We hope to assist the BBQ community with quality topics and advice
Our Vendor Section Forum
Our YouTube Channel
http://www.bbqspitrotisseries.com.au

Re: Using your Wood Fired Pizza Oven to Bake Bread
Gents, the mark of civilization for me, great bread!chrisg wrote:
Be simpler to use Atta flour than having to mix two, it's wholemeal, just very fine ground, but a TABLESPOON of I assume fresh yeast?
I think you may have meant a teaspoon but it's best prepped in warm water in a small bowl with some sugar or honey until it foams to demonstrate it is alive then added to the flour in a well made in the flour in a large bowl for initial mix followed by vigorous kneading. Bread is never going to be much good without solid kneading, it stretches the gluten sheets, essential to good bread.
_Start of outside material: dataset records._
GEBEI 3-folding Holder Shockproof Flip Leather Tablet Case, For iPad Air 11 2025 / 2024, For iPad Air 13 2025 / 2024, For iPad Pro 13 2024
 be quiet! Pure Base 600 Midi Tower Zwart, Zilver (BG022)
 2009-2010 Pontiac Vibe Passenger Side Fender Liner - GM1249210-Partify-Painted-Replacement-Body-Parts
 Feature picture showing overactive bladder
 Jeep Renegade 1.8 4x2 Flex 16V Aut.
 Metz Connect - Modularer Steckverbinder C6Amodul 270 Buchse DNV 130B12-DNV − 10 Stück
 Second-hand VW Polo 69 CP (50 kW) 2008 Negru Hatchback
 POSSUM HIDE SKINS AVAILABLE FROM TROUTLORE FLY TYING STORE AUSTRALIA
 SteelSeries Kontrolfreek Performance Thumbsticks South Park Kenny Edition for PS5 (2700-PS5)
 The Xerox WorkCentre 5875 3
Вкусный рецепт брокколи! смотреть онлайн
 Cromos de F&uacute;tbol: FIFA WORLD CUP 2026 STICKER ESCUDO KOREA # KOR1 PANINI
That said I can't think of a reason not to cook brilliant bread in a pizza oven, in fact I think that's how my local independent pizza joint makes great Chiabatta
Posted somewhere here the basics of bread, didn't make mention of where to cook it, but a hot oven ? Definitely a great place
Cheers
The idea that kneading is essential to make good bread is false, and in fact is detrimental to the home baker.
That very process is in fact the industrial detriment due to commercialism, time being money and storage being costly.
For us at home, we can make artisan bread that commercial bakers dream of.
The trick is not to knead at all.
Make your hydrated dough and put it into a plastic tub, put it into the fridge for a day day or two, two being better.
Then fold it a couple of times to get your loaf shape and then bake.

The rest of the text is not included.